Introduction
Neurotransmitters are chemicals that
transmit messages from one nerve cell (neuron) to another. The nerve impulse
travels from the first nerve cell through the axon- a single smooth body
arising from the nerve cell- to the axon
terminal and the synaptic knobs. Each synaptic knob communicates with a
dendrite or cell body of another neuron, and the synaptic knobs contain
neurovesicles that store and release neurotransmitters. The synapse lies
between the synaptic knob and the next cell. For the impulse to continue
traveling across the synapse to reach the next cell, the synaptic knobs release
the neurotransmitter into that space, and the next nerve cell is stimulated to
pick up the impulse and continue it.
Definition
Neurotransmitters are chemicals that
convey information, contained within action potentials, across synaptic clefts
to neighboring target cells [Murphy and Deutsch, 1991].
Neurotransmitters are stored in
small vesicles in the axon terminals of neurons. When the action potential, or
electrical impulse, reaches this point, the neurotransmitters are released from
the vesicles. They cross the synaptic cleft, and bind with receptor sites on
the cell body or dendrites of the adjacent neurons to allow the impulse to
continue its course, or to prevent the impulse from continuing.

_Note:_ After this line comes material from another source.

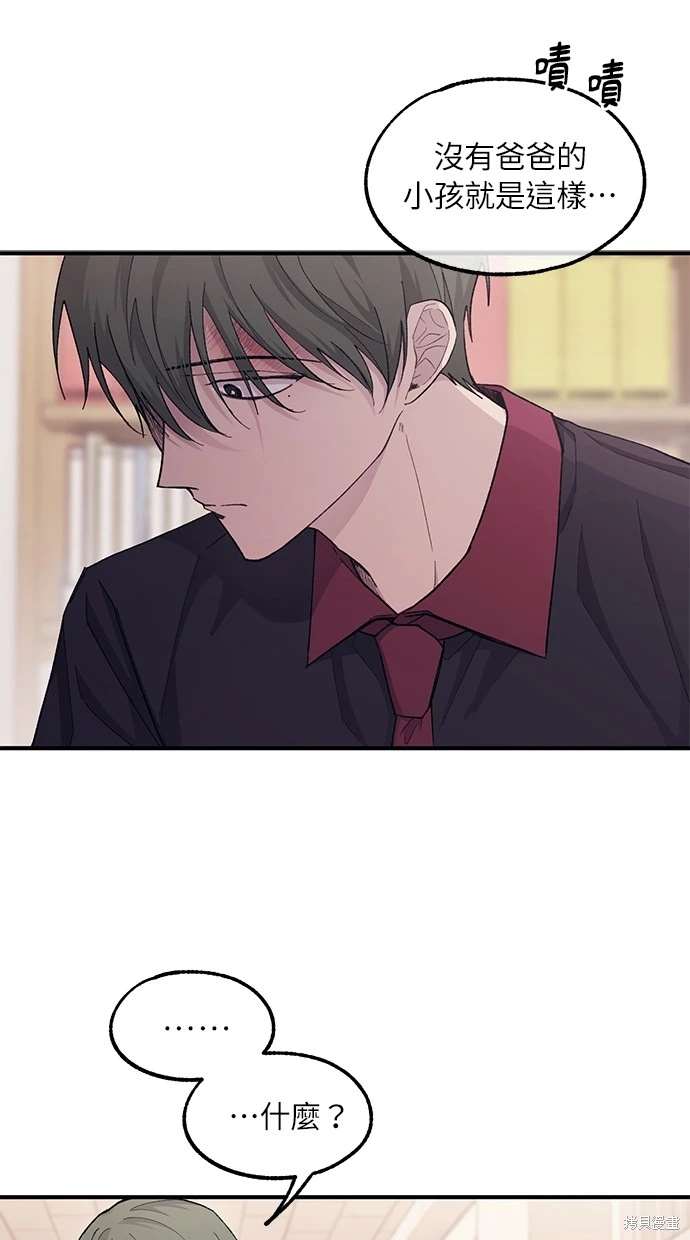 同学，我可以喜欢你吗？ 第52话 第75页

Neurotransmitters: Nerve Cell
Chemical Functioning
Many new advances in the
understanding and treatment of psychiatric disorders are related to increased
understanding of neurotransmitters. As the depolarization of neuron reaches the
synapse, the stimuli transfer from an intracellular electrical signal to
extracellular chemical signal. Therefore medications that used to treat
psychiatric disorders operate in around the synaptic cleft and have action at
the neurotransmitter level. Once a neurotransmitter has done its job by
transferring a stimulus to an adjacent neuron, the chemical messenger is
removed from the synaptic area by one of three naturally occurring processes:
l. The neurotransmitter leaves the
area through natural diffusion of a substance from an area of high
concentration to one of low concentration.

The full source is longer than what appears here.